Outback è un film del 2019, diretto da Mike Green.

Per carità, il male non si augura a nessuno. Ciò nonostante, se scegli di infrattarti ben bene nell’impervio entroterra australiano assieme alla tua dolce metà a bordo di una scalcinata macchina a nolo con solo una misera bottiglietta d’acqua e qualche dubbia mappa scaricata in fretta e furia su di un vecchio iPhone, beh, diciamo pure che un tantino te la sei andata a cercare, no? E come sempre accade in questi casi, cerca che ti ricerca, finisce che la sfiga, quella nera, sicuramente ti troverà e te la farà pagare con tutti gli interessi. Un amaro prezzo che i due poveri protagonisti dell’ansiogeno Outback saranno costretti a saldare a forza di lacrime, sangue e tanto tanto sudore, così come l’implacabile legge dei survival movie impone senza possibilità di appello. Ed è solo grazie al tanto amato canale di Midnight Facotry se finalmente questa allucinante epopea ai confini della sopravvivenza, confezionata con buon mestiere da Mike Green sulla base di un evento realmente accaduto nel 2015, può giungere infine anche sui nostri schermi, facendoci assaporare tutta la sofferenza, la disperazione e soprattutto la disidratazione di una coppia scoppiata travolta da un insolito destino nella desolata e assolata terra dei canguri e di Nicole Kidman.

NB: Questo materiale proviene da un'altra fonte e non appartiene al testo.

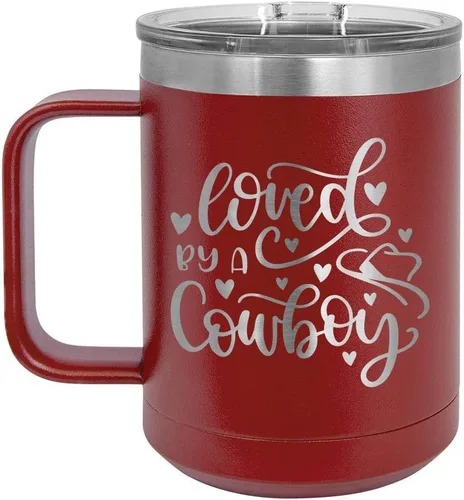 Vista 15 de Taza de café con tapa superior con tapa deslizante, con aislamiento de viaje, ideal para cumpleaños, Navidad o regalo de mujeres o hombres
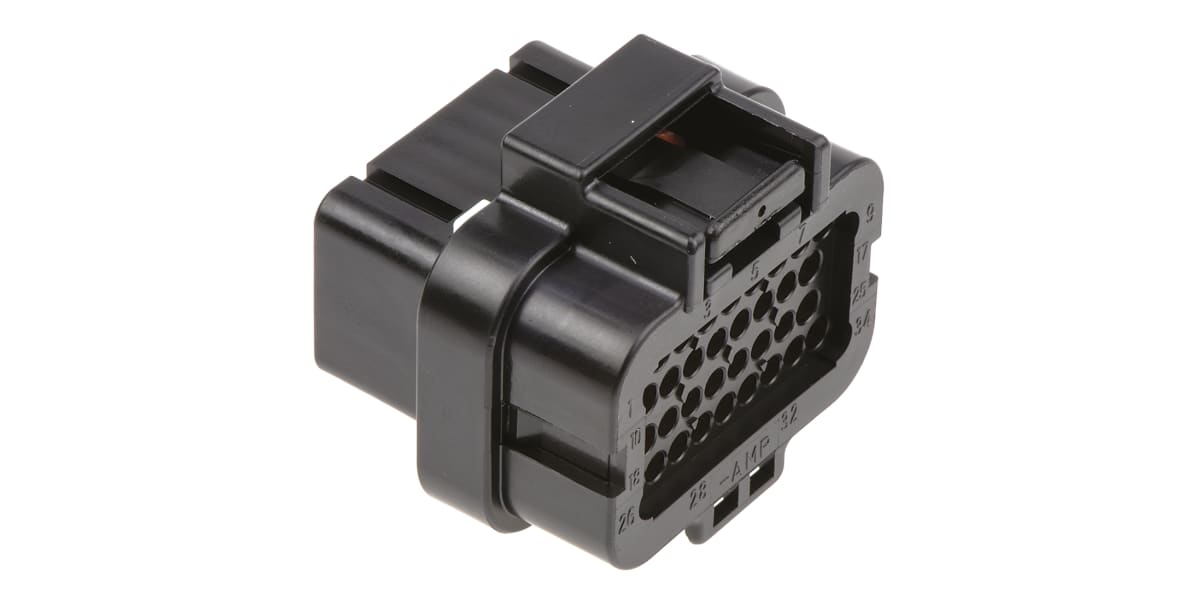 Product image for Superseal 1.0 34 way plug housing, 4 row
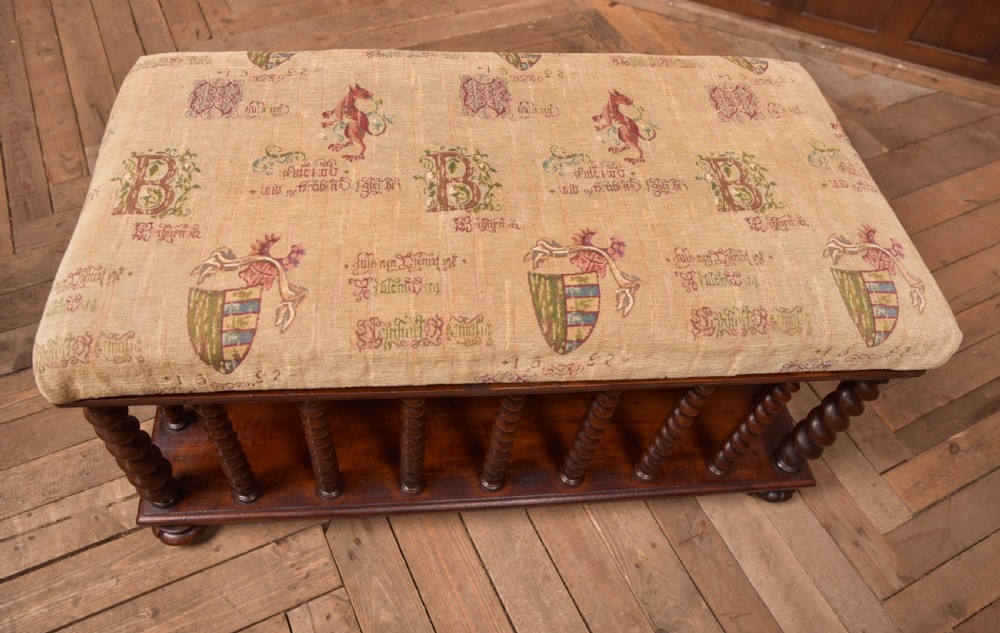 Victorian Mahogany Country House Stool View II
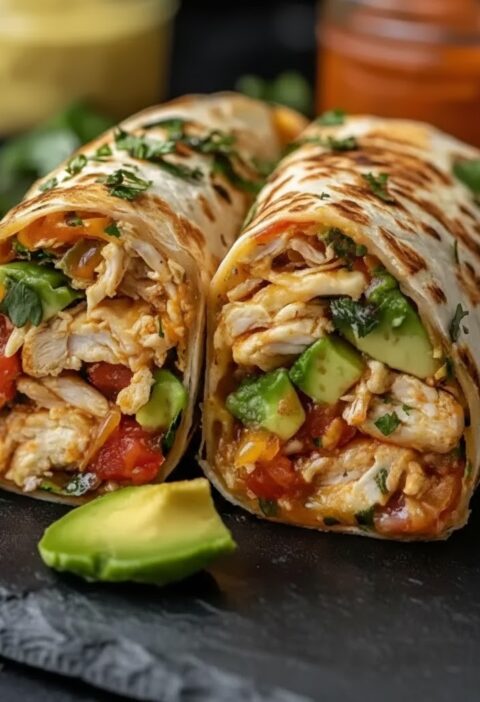 Chipotle Ranch Grilled Chicken Burrito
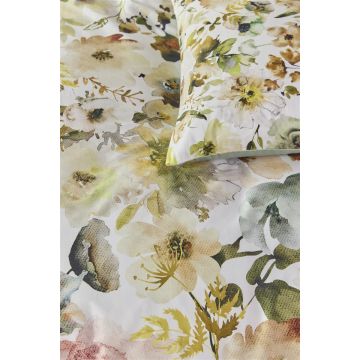 Kardol By Beddinghouse Dekbedovertrek Aquitaine Groen 1-persoons 140 x 200/220 cm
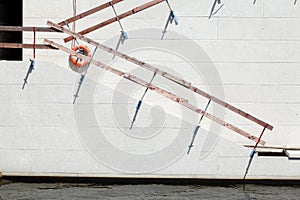 Stair at construction site at Museumsinsel in Berlin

A dirla tutta non è che il viaggetto di Wade (Taylor Wiese) e Lisa (Lauren Lofberg) fosse iniziato con i migliori auspici. Tra i due si percepisce infatti una certa maretta sin dalle primissime sequenze, quando, giunti in quel della bella Sydney dopo una traversata in aereo a quanto pare non proprio idilliaca, i nostri due bei fidanzatini non fanno mistero di star attraversando tempi non particolarmente felici, forse a causa di un arruolamento inaspettato che potrebbe compromettere la solidità della loro relazione oppure, cosa ancor peggiore, il sofferto rifiuto di una proposta matrimoniale. Insomma, due cuori e una capanna dalle fondamenta pericolosamente traballanti che scelgono tuttavia di mettere momentaneamente da parte le nuvole che si addensano minacciose per imbarcarsi in un avventuroso viaggio alla sperindio attraverso l’affascinante ma potenzialmente pericoloso Outback australiano, totalmente sprovvisti di qual si voglia genere di conforto e con tutta la sfrontatezza che solo due giovani americani in trasferta possono vantare. Quando infatti la tua dolce metà, poco prima di affrontare chilometri e chilometri di terra, sole, sterpaglie e nulla,  ti chiede dubbiosa se non sia il caso di portarsi dietro un GPS un tantino più in grazia di Dio e tu, da buon masculo alfa, le dici sprezzante che, tranquilla, basta e avanza Google Maps, ecco che allora è solo questione di un attimo prima di ritrovarsi a vagare non si sa bene dove sotto oltre quaranta gradi di raggi UV senza uno straccio di sorso d’acqua e  con la sola compagnia degli zampettanti, striscianti e letali abitanti delle sabbie.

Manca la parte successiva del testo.